Im Herbst räumte die Glaubenskongregation unter dem neuen Präfekten Erzbischof Gerhard Ludwig Müller den Piusbrüdern erneut eine Bedenkzeit ein. Mit seinem jetzigen ausführlichen Schreiben setzt Di Noia nun eine Frist für eine Antwort. Von dieser hänge ab, ob es zu einer Kircheneinigung oder definitiv zu einem Schisma komme, heißt es in Rom.

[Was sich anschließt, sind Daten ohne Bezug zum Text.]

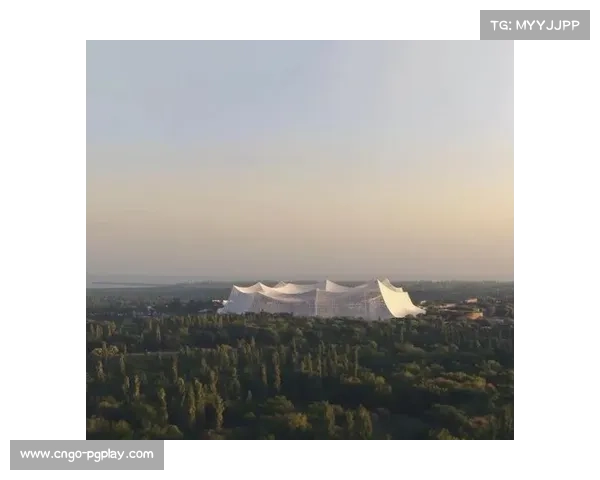 摩洛哥地震灾民收容所内建迷你球场 儿童借足球疗愈创伤重拾希望 摩洛哥地震灾民收容所内建迷你球场 儿童借足球疗愈创伤重拾希望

Traditionalistische Einstellungen
Die Priesterbruderschaft St. Pius X. - lat. Fraternitas Sacerdotalis Sancti Pii X. (FSSPX) wurde 1970 von Erzbischof Marcel Lefebvre gegründet. Die Mitglieder der traditionalistischen Gemeinschaft wenden sich gegen die römisch katholische Kirche, weil sie der Ansicht sind, dass diese zu modernistisch sei. Ihr Ziel ist die Wiederherstellung der römischen Kirche wie sie immer war - also so wie vor dem Zweiten Vatikanischen Konzil von 1962 bis 1965. Das bedeutet, sie halten ihre Gottesdienste in Latein ab und lehnen auch andere Reformen und Beschlüsse des Konzils ab.
Das Bekenntnis der Kirche zur Religionsfreiheit etwa, sowie die Öffnung zur Ökumene und die Anerkennung des Judentums - und anderer Religionen als Heilsweg tragen die Piusbrüder nicht mit. Sie lehnen die Gleichberechtigung von Frauen ab, ebenso Homosexualität und sie treten immer wieder öffentlich antisemitisch und islamfeindlich auf. Seit 1975 hat die Piusbruderschaft keinen kanonischen Status mehr in der römisch-katholischen Kirche.